Les investisseurs anticipent une augmentation de capital importante afin d’alléger le bilan du géant des fruits et légumes.

Greenyard baisse pour le quatrième jour d’affilée. Cette fois l’action chute de 17% à 3,92 euros, un nouveau plus bas depuis son introduction en Bourse en 1999. Depuis vendredi soir, la perte s’élève à 49%.

Les analystes tablent, de plus en plus, sur une augmentation de capital importante à un prix bradé. C’est la conséquence d’un avertissement sur résultats lancé lundi matin.

Augmentation de capital conséquente
De son côté, ABN Amro a divisé par deux son objectif de cours à 5 euros contre 9,5 euros avant. L’analyste de la banque estime que les dettes du groupe représenteront, fin de l’exercice en cours, six fois l’Ebitda. Selon lui, une levée de fonds d’au moins 100 millions d’euros est nécessaire en plus de la vente d’actifs non stratégiques. En plus de cela, il lui semble inévitable que les actionnaires ne reçoivent pas de dividende pendant au moins deux ans.

Le broker Berenberg table aussi sur une augmentation de capital conséquente avec un minimum de 80 millions d’euros montant qui pourrait aller jusqu’à 140 millions. Beaucoup dépendra de la rapidité avec laquelle la direction rétablira la rentabilité. “Même avec une levée de 140 millions d’euros, les dettes atteindront 4 fois l’Ebitda si ce dernier reste au niveau de 60 millions” a calculé l’analyste Fraser Donlon.

L’horreur des maths
Les mathématiques semblent sombres pour l’investisseur de Greenyard. La capitalisation boursière a chuté à 175 millions d’euros contre 950 millions, il y a un an. Si Greenyard lance une augmentation de capital de 100 millions d’euros au cours actuel, le groupe devra émettre plus de 25 millions de nouvelles actions.

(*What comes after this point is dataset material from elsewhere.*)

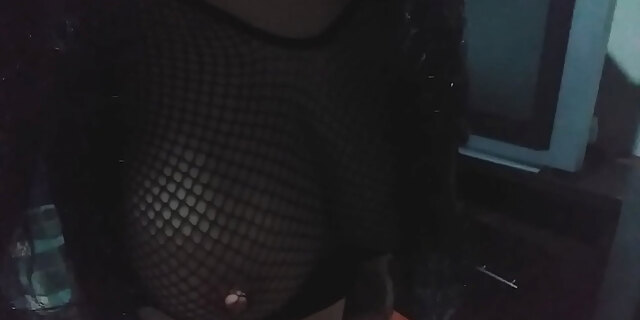 dildo,pussy,riding,shaved pussy,vibrator,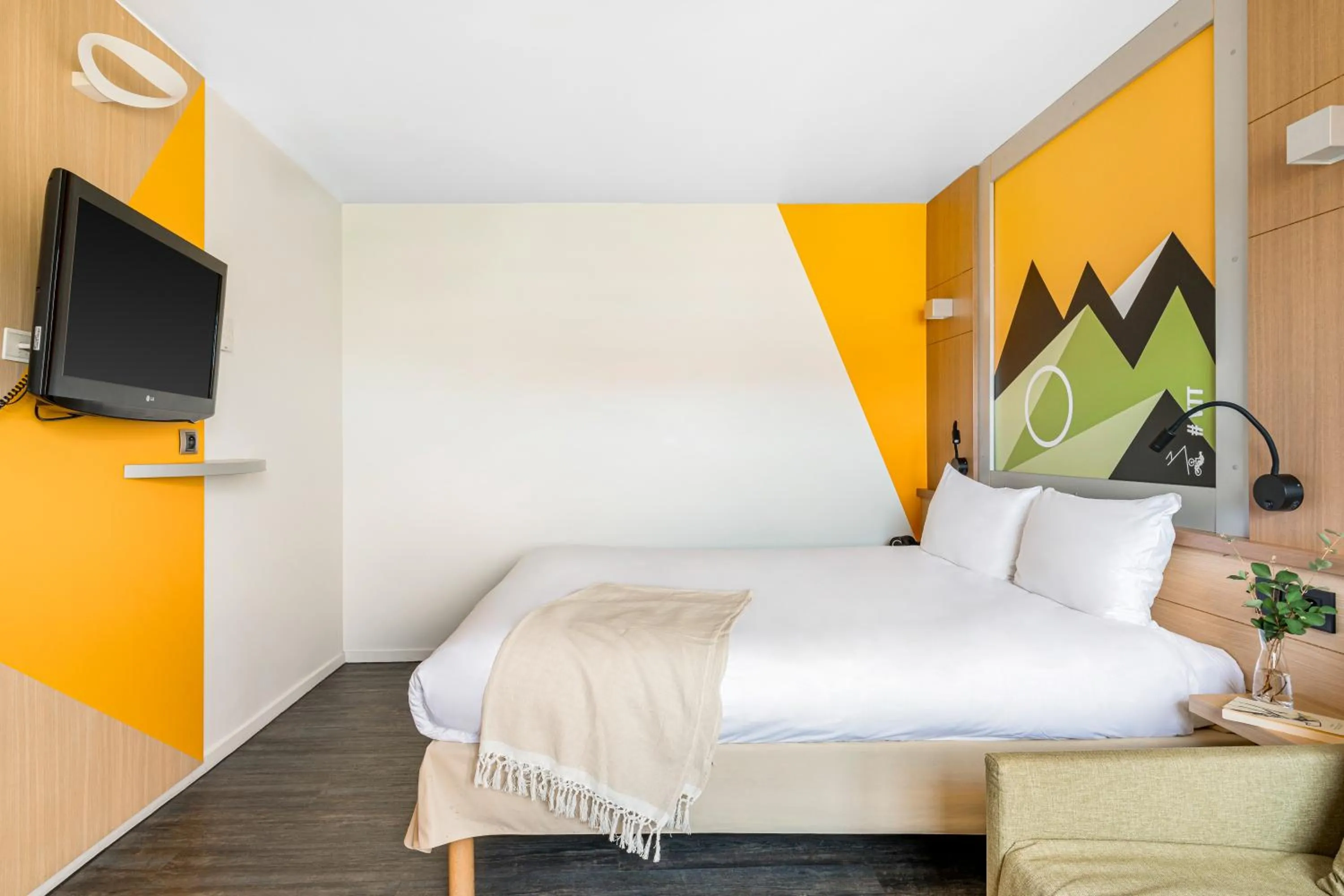 Bedroom, Bed in ibis Styles Annecy Centre Gare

Et cela ne tient pas compte du fait que ce genre d’opération s’accompagne presque toujours d’une forte décote par rapport au cours de Bourse afin de convaincre les actionnaires d’y participer. Début 2016, ArcelorMittal a proposé un décote de 50%.

En d’autres termes : il n’est pas impensable que, finalement, Greenyard soit obligé d’émettre une action nouvelle pour chaque action existante. Les actionnaires se retrouvent donc confrontés à un choix peu enviable : soit injecter encore de l’argent dans une action à cause de laquelle ils en ont déjà perdu beaucoup, soit accepter une très forte dilution de leur participation et du dividende à venir.

D’un autre côté, l’exemple d’ArcelorMittal démontre qu’une telle opération peut aussi être un succès si le bilan est nettoyé et que la direction prend les mesures qui s’imposent. L’action du géant de l’acier vaut presque 10 fois plus aujourd’hui que le prix proposé lors de la levée de fonds.

Mais il y a aussi des contre-exemples comme avec Nyrstar.